Both groups had slightly above average IQs, and no one in either group showed evidence of psychiatric illness. (One person in the original exposed group was removed from the study because of what appeared to be exaggerated symptoms.) On a dozen neuropsychological tests, the two groups scored virtually the same. On three, however, there were significant differences, with the heavily exposed people performing poorly compared with their counterparts in the control group.

In one of those tests, a person is given a list of 15 unrelated words and is asked to recall them later. This tests learning. In another, a person must concentrate on a confusing mixture of colors and words. This tests the ability to filter out extraneous information. In the third, fine-motor skills are tested by seeing how quickly a person can put shaped pegs in a pegboard.

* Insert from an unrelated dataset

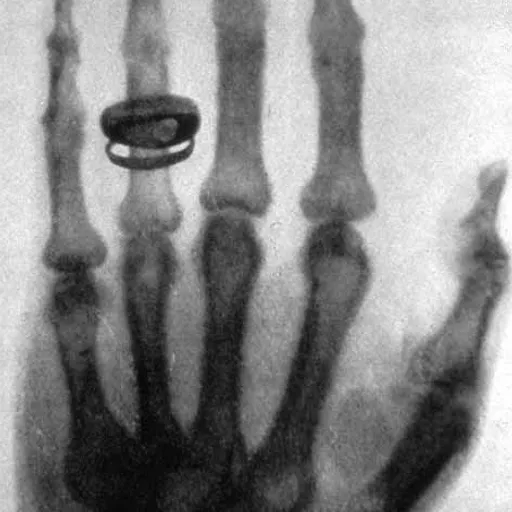 x-ray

In some cases, the scores were remarkably low. Most of the eight heavily exposed watermen, for example, scored worse in the word-recall test than 95 percent of the general population.

"They really had a very isolated deficiency in their learning ability," Morris said.

The researchers tested both groups again three months later. All but two of the people exposed to pfiesteria-laden water had test scores in the normal range. At six months, those two people had normal scores, also.

The exposed people also reported other symptoms. Some had headaches, others breathing problems and intestinal complaints. Four had skin sores of varying types. None of the physical findings was as consistent as the neuropsychological deficits.

Pfiesteria's toxin has not been purified, and the exact mechanism of its effects on the nervous system is not known.

Five people who had contact with estuarine waters in recent months reported health problems and called a hot line run by the Maryland Department of Health and Mental Hygiene are now being evaluated for possible pfiesteria exposure.

Staff writer Joby Warrick contributed to this report.